Маяковскому, как поэту, жившему в первую очередь чувственным опознанием мира, и как революционеру, стремившемуся подчинить и контролировать это чувственное опознание разумной целесообразностью, приходилось вдвойне трудно все это переживать и переосмысливать. Опасность обюрокрачивания динамики Октября через застылость и инерцию личных переживаний каждого, опасность спада революционной самоотверженности и героизма годов гражданской войны, опасность превращения их мускулистости и напряженности в жирок чиновничье-обывательской успокоенности чувствовалась им особенно тревожно и. остро.
Подтверждением именно этих опасений Маяковского остаются такие стихи, как, например, «О дряни» и «Прозаседавшиеся», обратившие на себя пристальное внимание В. И. Ленина. Но гораздо большим материалом, свидетельствующим о таких переживаниях, остается замечательная и совершенно не воспринятая в этом разрезе прозаседавшейся дрянью тогдашней критики – поэма «Про это».

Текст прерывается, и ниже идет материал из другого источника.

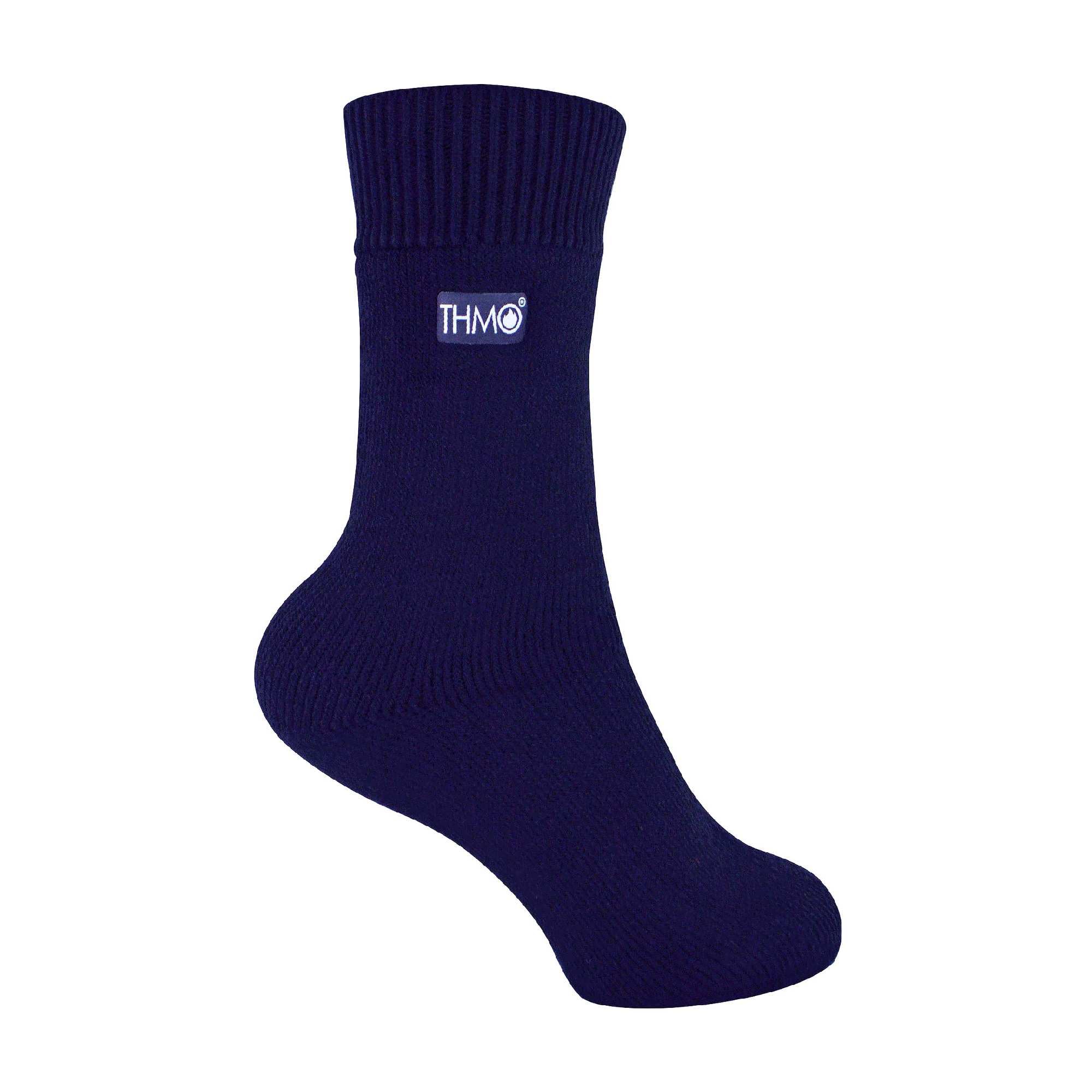 THMO Women's Thermal Slipper Socks - Navy - Size 9-12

Вкусы персонально ответственных за литературные дела людей зачастую отставали тогда на полвека. Одному нравился Анатоль Франс, и он измерял литературную квалификацию близостью к стилю этого автора; другому – блаженный Августин или Софокл; третьему – и Леонид Андреев и Надсон сразу. Все это рождало бесконечные мелкие досадные стычки, ложившиеся накладными расходами на поэзию сегодняшнего дня. Все это, обступая лефовцев глухой стеной – в лучшем случае равнодушия, а в худшем – активной враждебности, грозило превратить их в литературно-эстетский салон, в какую-то замкнутую секту оригинальничающих стилистов, лидером которой являлся Маяковский. И все это тем самым частично способствовало ослаблению и вырождению первоначальных прямых революционных задач нового искусства в объединенно-бытовые переживания людей полупризнанных, полупринятых, но не могущих быть использованными целиком в непосредственной массовой работе.

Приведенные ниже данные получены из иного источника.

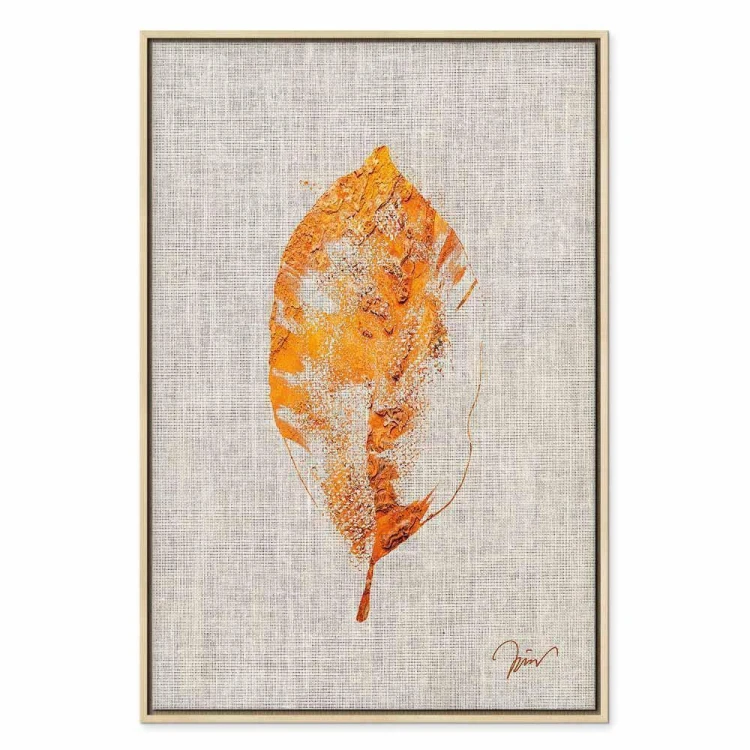Obraz - Złota flora (1-częściowy) pionowy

Роль такого литературного салона с лидером Маяковским во главе не была по душе ни ему, ни его окружавшим. Бои за стихотворный фельетон, за публицистический жанр, за литературу факта, за рекламу советской продукции, за лозунговое и агитационное искусство, атаки на академический бюрократизм, на инерцию вкусов, на монополистичность методов классического наследства – были постоянно недружелюбно и несправедливо оцениваемы как не стоящая внимания шумиха, самореклама и желание утвердить себя за счет истребления памятников и ценностей прошлого.

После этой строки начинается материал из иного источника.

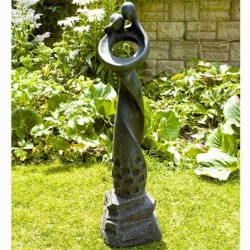 Europa Romantic Twist Statue Black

Конечно, наряду с угнетающими, подавляющими выходками людей прошлого были и другие симптомы, противоположные им, подкрепляющие и дающие веру в работу. Симптомами этими были прежде всего постоянная и все возрастающая симпатия активной комсомольской аудитории, охват и практическая реализация новых методов искусства у массового слушателя. Иллюстрацией признаков этого рода может служить хотя бы отношение Ленина к Маяковскому, которое, согласно воспоминаниям Н. К. Крупской, очень изменилось после посещения Владимиром Ильичем общежития вхутемасовской молодежи, где он увидел, как молодежь эта, готовая отдать жизнь за революцию, находила выражение своим чувствам в стихах Маяковского. «После этого, – свидетельствует Крупская, – Ильич немного подобрел к Маяковскому». Вот такое «подобрение» наблюдалось, конечно, неоднократно и в других случаях практики лефовцев.
Литературная отъединенность и карантинное окружение «прошляков» создавали для Маяковского и окружающих его ту бытовую неспаянность, ту выделенность в отношениях, которые оставляли на волю случая всю личную работу над собой.
Сверхмерная утомляемость от ненужных усилий, от всей этой привходящей бытовщины искусства усиливала зачатки усталости, ослабляла боевую активность темперамента Маяковского. Именно в эту пору и назрел тот самокритический переучет своих личных сил, возможностей и целеустремленности, поэтическим выражением которого для Маяковского явилась поэма «Про это».
Вставший перед Маяковским и ближайшими к нему людьми вопрос об этих грязных ракушках и послужил поводом к этой самокритике, к переоценке себя. Могут возразить, что все же вопросы эти по существу были вопросами личного порядка, но, ответим мы, такого личного, которое становится уже общественным, приобретая не индивидуальный характер отдельной биографии, а становясь личным для множеств, для каждого, очутившегося в таком положении человека. Положение это, как уже было говорено, стояло в связи именно с массовой непереустроенностью вопросов семьи, личности, миросозерцания.